By Katlene O. Cacho | Sun Star | September 2, 2012
FIFTY-TWO-YEAR-OLD entrepreneur Wilmer Lopez described his venture into social entrepreneurship as a “leap of faith.” Lopez left a high-paying job in one of the country’s biggest conglomerates to join Human Nature, which he described a relatively new social enterprise.
“The transition was so hard, money-wise, given that I have six children to support. But I had been in the fast lane for quite a long time earning much but I was still lonely,” said Lopez, owner of the Human Nature concept outlet at The Strip, Osmeña Blvd. He described his move to Human Nature as a “nightmare transition” because he gave up so much for something he was unsure of. He said a social enterprise is a new concept, something which business schools have only recently started introducing.

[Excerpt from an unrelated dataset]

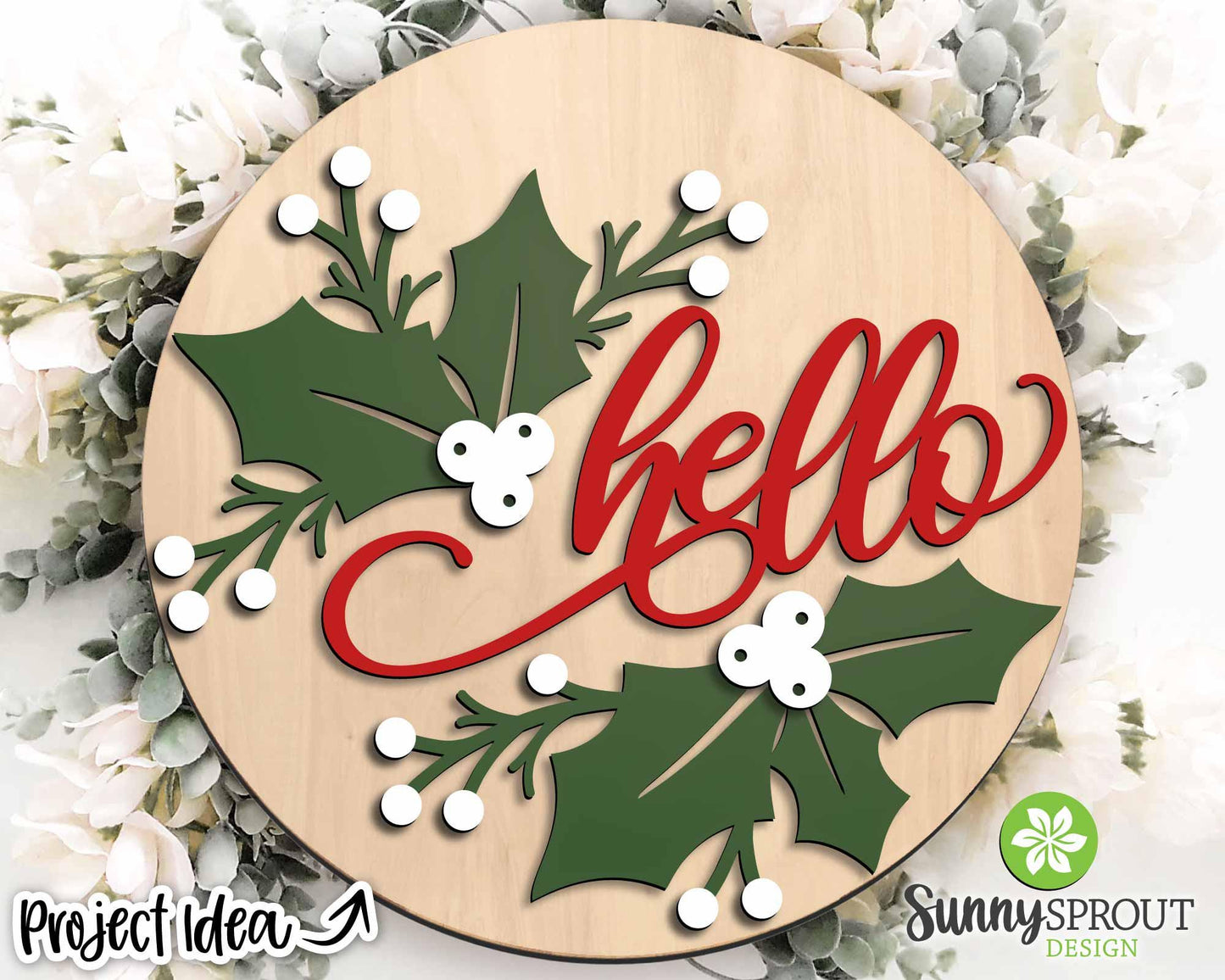 Hello Holly Leaves & Berries Sign, Digital Download, SVG Laser Cut File, Cricut, Round Door Hanger Design, Christmas Decor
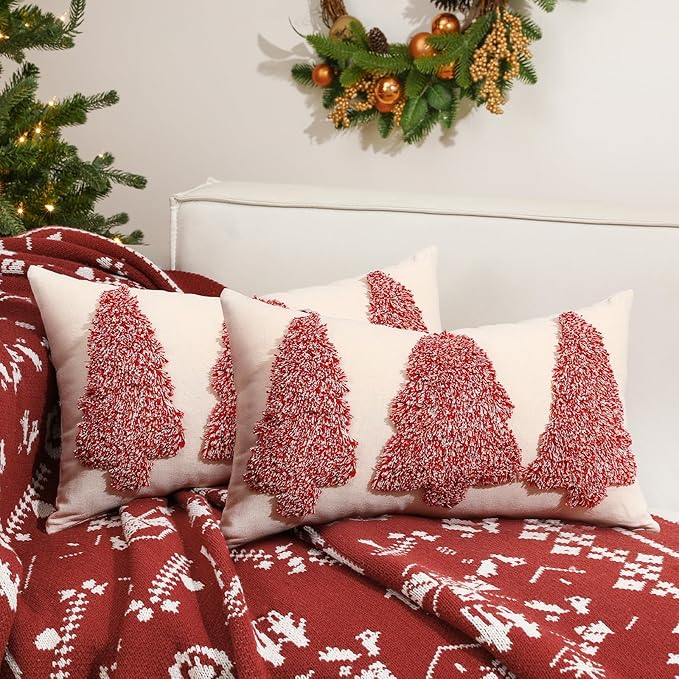 Lewondr Christmas Throw Pillow Covers, 2 Pack Christmas Tree Embroidery Decorative Throw Pillow Case Sofa Cushion Cover for Party Thanksgiving Day Xmas Decor 12"x20"(30x50cm), Beige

“A social enterprise is filled with dreams and ideas,” he said. Lopez previously worked as an auditor and business consultant for SGV Makati for eight years. He then moved to San Miguel Corp. (SMC) as a distributor of SMC products for 14 years. “I realized that this can be God’s option for me to help the country and my fellow Filipino. What moved me was the company’s “pro-Philippines, pro-poor and pro-environment” advocacy,” he said.
Gandang Kalikasan Inc. (GKI) produces the Human Nature line of natural and organic cosmetics and personal care products. The company was established in 2008. Lopez first learned about GKI through Gawad Kalinga (GK), which his previous employer, SMC, strongly supports. He said SMC trucks were used in GK activities. He then met Dylan Wilk, one of GKI’s founders, who is also a GK advocate.
Moved by Wilk’s story of giving up his riches to build houses for poor Filipinos, Lopez said he took a leap of faith and joined the GKI in 2009. Lopez said the company maximizes the potential of local technology, local capital and local raw materials in selling or promoting high-quality organic beauty and personal care products. The natural ingredients used for these products are grown in GK communities all over the country. Human Nature has 100 unique products and new products are developed every two months.
Lopez became the “super-distributor” for Human Nature in the Visayas. “I was quite uncomfortable at first because what I am selling are women’s products. Why am I here? But I took the challenge to nurture the advocacy and make the entity sustainable,” he said.
Lopez then became a branch operator and invested some P750,000 to open his own Human Nature outlets in Lapu-Lapu City and in Fuente Osmeña. He said his goal is to have a sustainable distribution of Human Nature products for Metro Cebu.
Back then, the monthly average sales of the Lapu-Lapu outlet was at P150,000 to P200,000. But sales have grown over the years. Just this August, Lopez transferred his Human Nature Fuente Osmeña outlet to a bigger two-storey location at The Strip, the first Human Nature concept store in Cebu.
Lopez is confident of hitting over a million in sales in three months. He said the new concept store will serve as a one stop shop of all natural and Filipino made products.
Aside from the Human Nature products, the concept store also sells natural and organic personal care products from other social entrepreneurs such as Golden Eggs: salted eggs; Café de Sug: Gawad Kalinga’s famous coffee from Sulu; Enchantea: healthy iced tea from GK Enchanted Farm; and Jacinto & Lirio: luxury bags made from leather and water Hyacinth, among others.
Lopez said moving into social entrepreneurship has taught him to value Philippine-made products more as well as the hard work of farming communities to make the products available to the market. He said there are so many “backyard industries” all over the country that need the support of the government and funding of banks to become legitimate businesses. Lopez said that if the gap will be addressed, these industries can become strong drivers of social change in the economy.
Lopez said GKI ensures steady livelihood to GK sites that produce ingredients coconut oil, citronella, lemongrass, passion fruit and sunflower. Another way to promote entrepreneurship in the country is to start introducing the concept to children at home. “If you happen to have a child that is inclined into business, hone the skill. Your child can become one of the successful entrepreneurs who can make a big difference for the country,” said Lopez.
Published in the Sun.Star Cebu newspaper on September 03, 2012.